*** Opening of Material shown ***
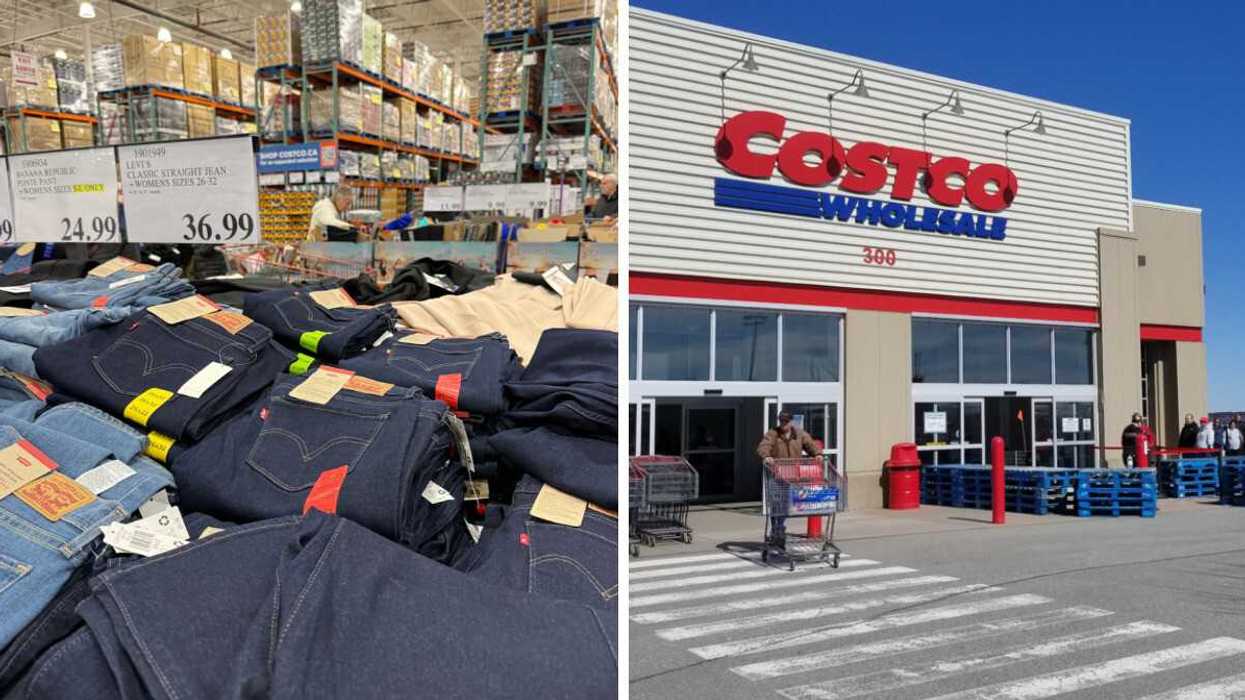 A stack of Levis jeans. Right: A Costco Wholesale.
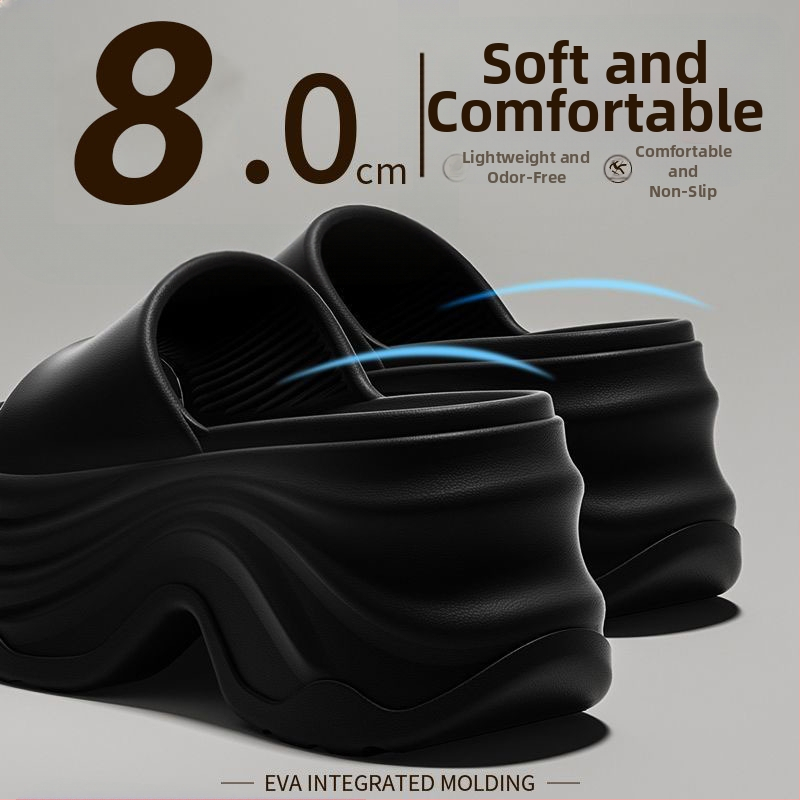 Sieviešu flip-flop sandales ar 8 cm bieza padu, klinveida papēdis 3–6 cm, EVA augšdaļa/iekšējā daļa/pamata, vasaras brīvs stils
*** Close of Material shown ***
*** Opening of Material shown ***
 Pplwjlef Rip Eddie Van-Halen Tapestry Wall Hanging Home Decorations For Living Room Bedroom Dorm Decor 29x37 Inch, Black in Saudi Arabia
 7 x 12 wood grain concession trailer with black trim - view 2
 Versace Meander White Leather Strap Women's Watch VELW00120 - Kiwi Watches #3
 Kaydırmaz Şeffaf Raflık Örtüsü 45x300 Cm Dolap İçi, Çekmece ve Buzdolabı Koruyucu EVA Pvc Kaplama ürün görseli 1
*** Close of Material shown ***
Among the records above, extract exactly the lines from the line with "Versace Meander White" to the line with "Kaydırmaz Şeffaf Raflık", both lines included, and leave out the rest.

 Versace Meander White Leather Strap Women's Watch VELW00120 - Kiwi Watches #3
 Kaydırmaz Şeffaf Raflık Örtüsü 45x300 Cm Dolap İçi, Çekmece ve Buzdolabı Koruyucu EVA Pvc Kaplama ürün görseli 1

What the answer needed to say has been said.